[RECORDS FOR THIS EXERCISE Boundary: Start]
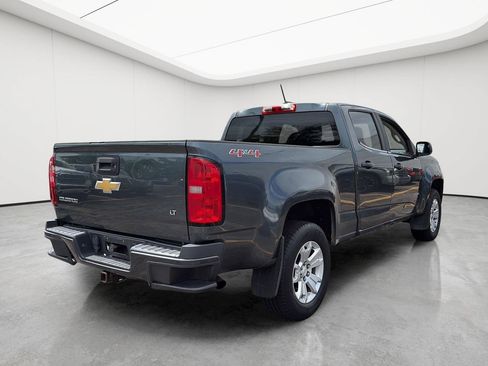 Used 2015 Chevrolet Colorado LT AWD/4WD image 8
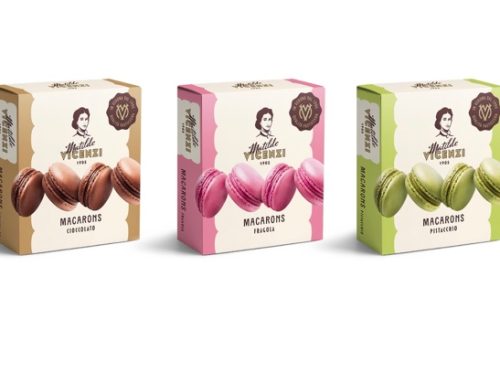 Matilde Vicenzi amplia l’offerta della pasticceria premium con i Macarons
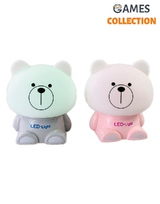 Декоративный LED ночник  BEAR Led-Light (Cветильник)-thumb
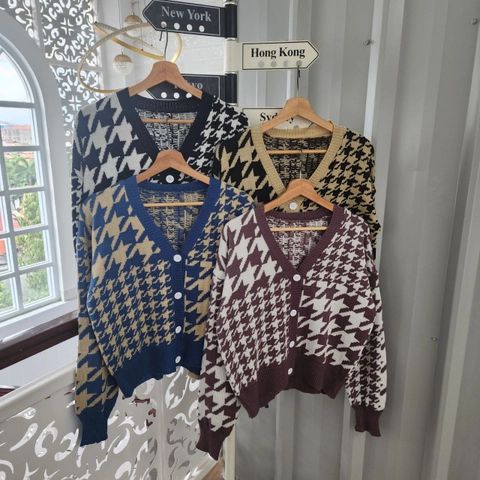 Mirani - Ory Autumn Outher - Outer Rajut Wanita Korean Style Murah Kekinian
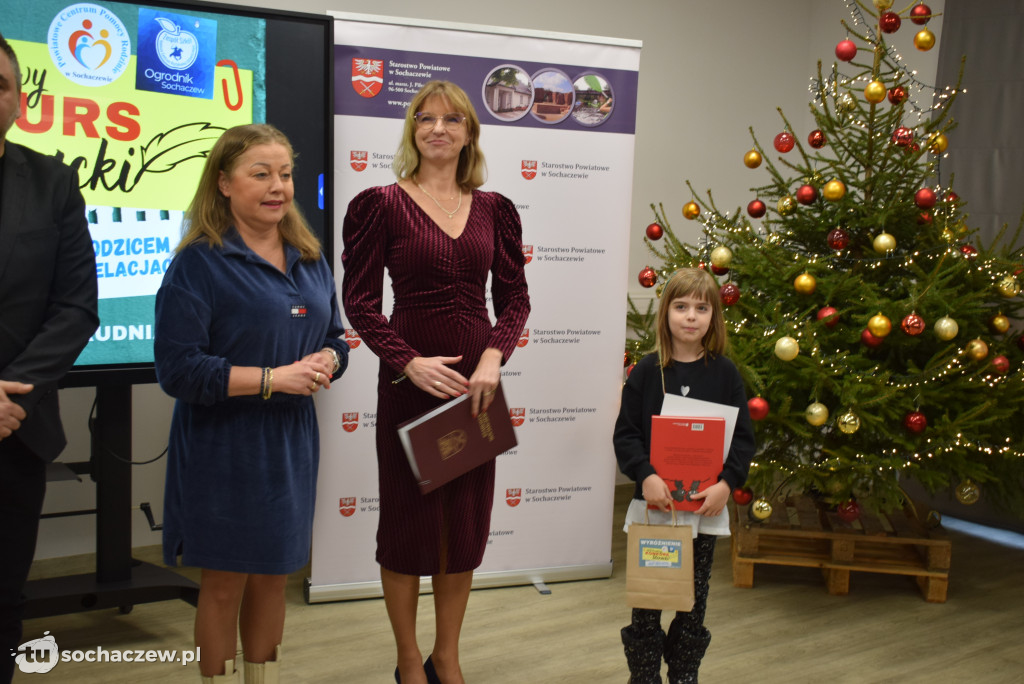 Konkurs literacki PCPR-u rozstrzygnięty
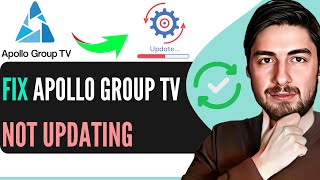 Aplikasi TV Apollo Group tidak diperbarui pada tahun 2025 (perbaikan mudah) screenshot 3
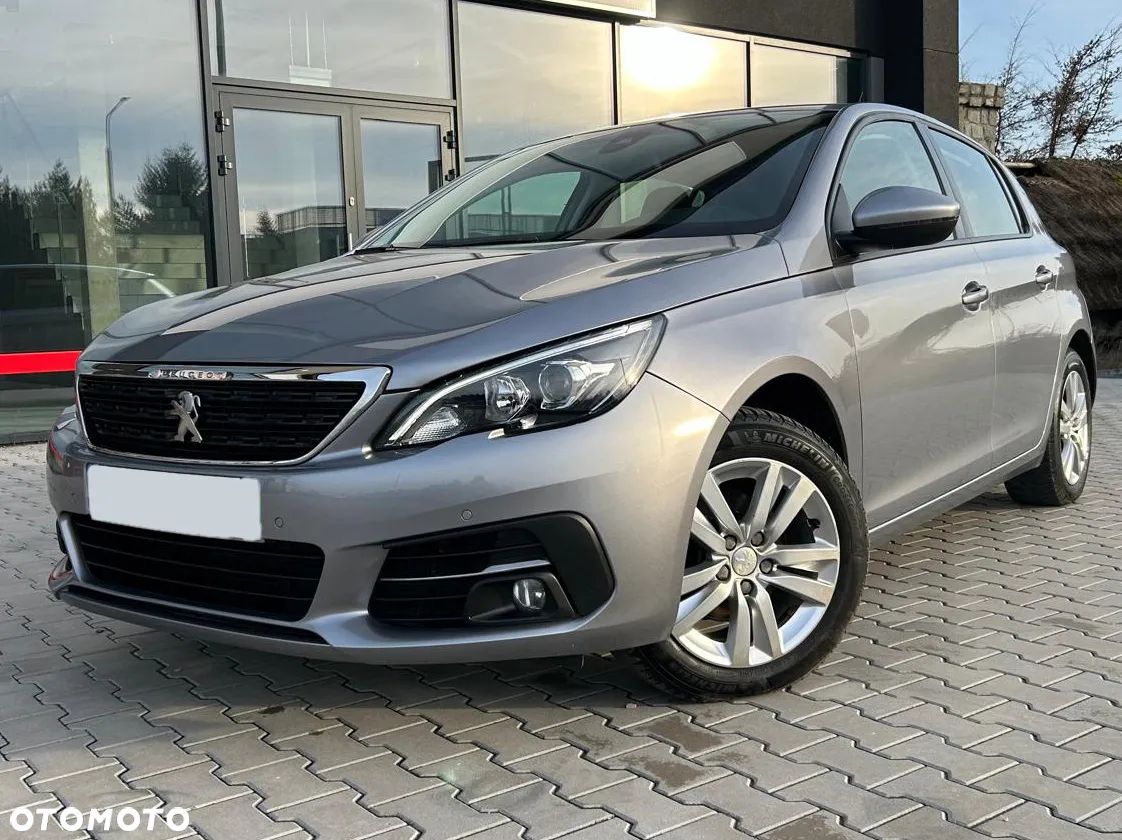 Peugeot 308 1.5 BlueHDi Allure S&S - 1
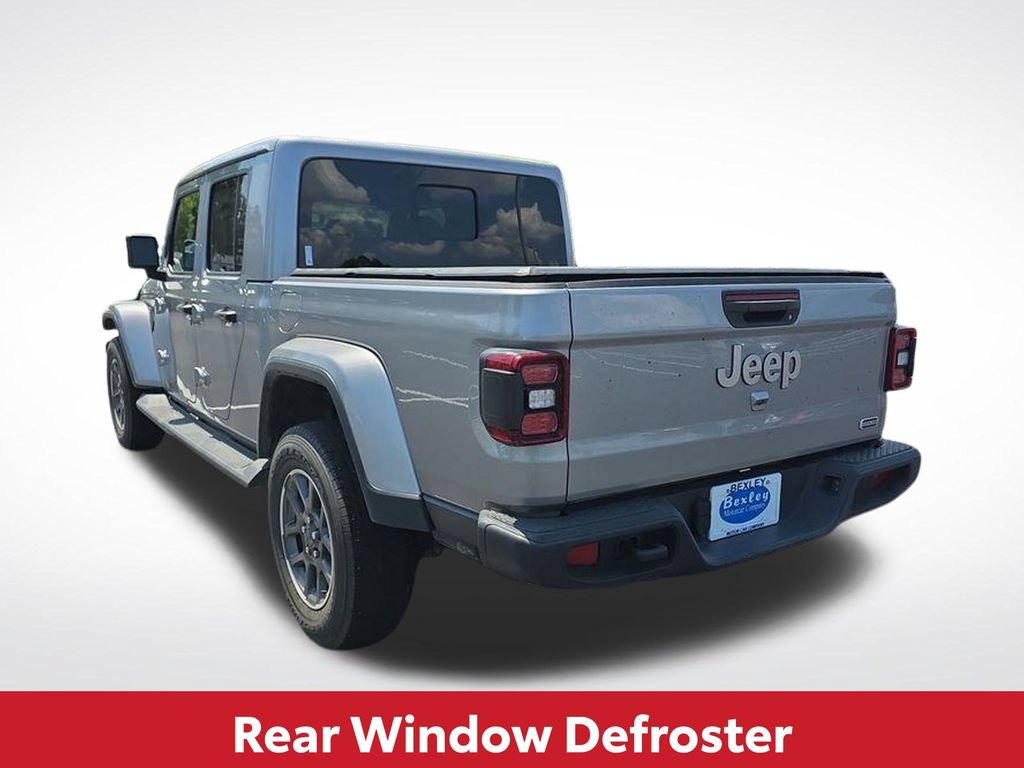 Used 2020 Jeep Gladiator Overland w/ LED Lighting Group AWD/4WD image 9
[RECORDS FOR THIS EXERCISE Boundary: End]
EXERCISE DIRECTIONS: The records above should be copied word for word, with the pictures left out.

EXERCISE SOLUTION:
 Used 2015 Chevrolet Colorado LT AWD/4WD image 8
 Matilde Vicenzi amplia l’offerta della pasticceria premium con i Macarons
 Декоративный LED ночник  BEAR Led-Light (Cветильник)-thumb
 Mirani - Ory Autumn Outher - Outer Rajut Wanita Korean Style Murah Kekinian
 Konkurs literacki PCPR-u rozstrzygnięty
 Aplikasi TV Apollo Group tidak diperbarui pada tahun 2025 (perbaikan mudah) screenshot 3
 Peugeot 308 1.5 BlueHDi Allure S&S - 1
 Used 2020 Jeep Gladiator Overland w/ LED Lighting Group AWD/4WD image 9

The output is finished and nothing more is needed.